The latest report card on the National Electricity Market (NEM) demonstrates that the Morrison Government’s reforms are putting downward pressure on prices and improving market transparency and competition.

Released today, the Energy Security Board’s (ESB) third annual Health of the National Electricity Market report finds the market has continued to improve over the past year, with electricity prices becoming more affordable across Australia and continuing to fall.

Energy and Emissions Reduction Minister Angus Taylor said the report also highlighted ongoing challenges for the sector by raising critical concerns about maintaining security and reliability of electricity supplies when wind and solar power is not available.

“The Government is delivering policies that are driving down electricity prices and build resilience into our national electricity supply,” Mr Taylor said.
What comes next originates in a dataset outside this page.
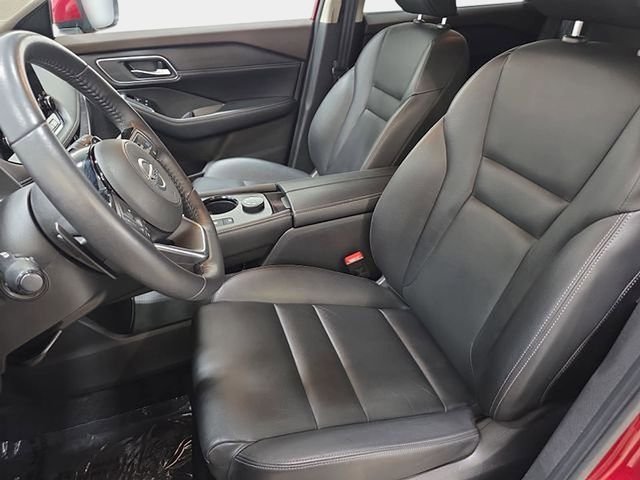 Used 2021 Red Nissan SL image 13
“The Government has consistently prioritised action to encourage new, reliable supply, and continues to focus on future energy security to keep the lights on for Australian families and businesses,” said Mr Taylor.

The report also shows unprecedented growth in renewables is putting pressure on the grid with more utility-scale wind and solar PV projects being rolled out across Australia. It is forecast that wind and solar will account for 40 per cent of Australia’s electricity by 2030 compared to an estimated 16 per cent in 2018-19.
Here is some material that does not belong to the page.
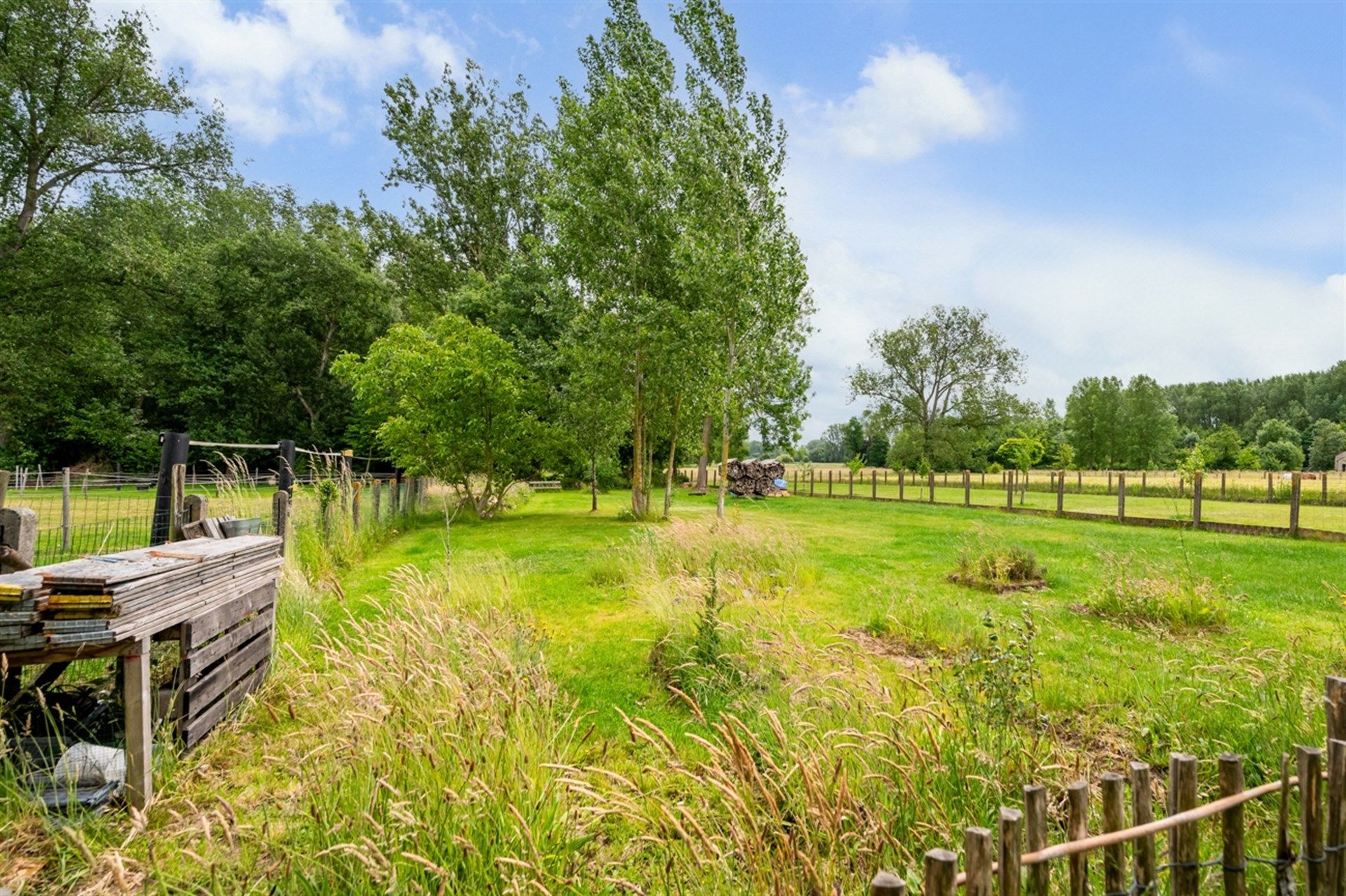 Gerenoveerde halfopen bebouwing op een perceel van 1678 m2 foto 21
The report points to Australian Energy Market Commission analysis, which said residential electricity prices should fall by around 7.1 per cent, or $97 between 2018-19 and 2021-22.

The positive impact of the Morrison Government’s Default Market Offer price safety net is also highlighted by the ESB. This landmark reform has significantly cut the costs of standing offers since its introduction last year, and is helping consumers compare offers to find the cheapest deal.

Australia is becoming more energy efficient with the report finding Australia creates $294 million of GDP for every petajoule of energy consumed, up more than $50 million, or 20 per cent, on a decade earlier.

The ESB advocates for the development of hydrogen as a commercial industry and new source of energy for Australia.

“This recognises the significant opportunities presented by hydrogen. This is why the Morrison Government last year released a strategy to establish and grow an Australian hydrogen industry and to be a major world player by 2030,” Mr Taylor said.

The report also finds total emissions across the National Electricity Market have fallen by 15 per cent since 2005, and are forecast to continue to fall.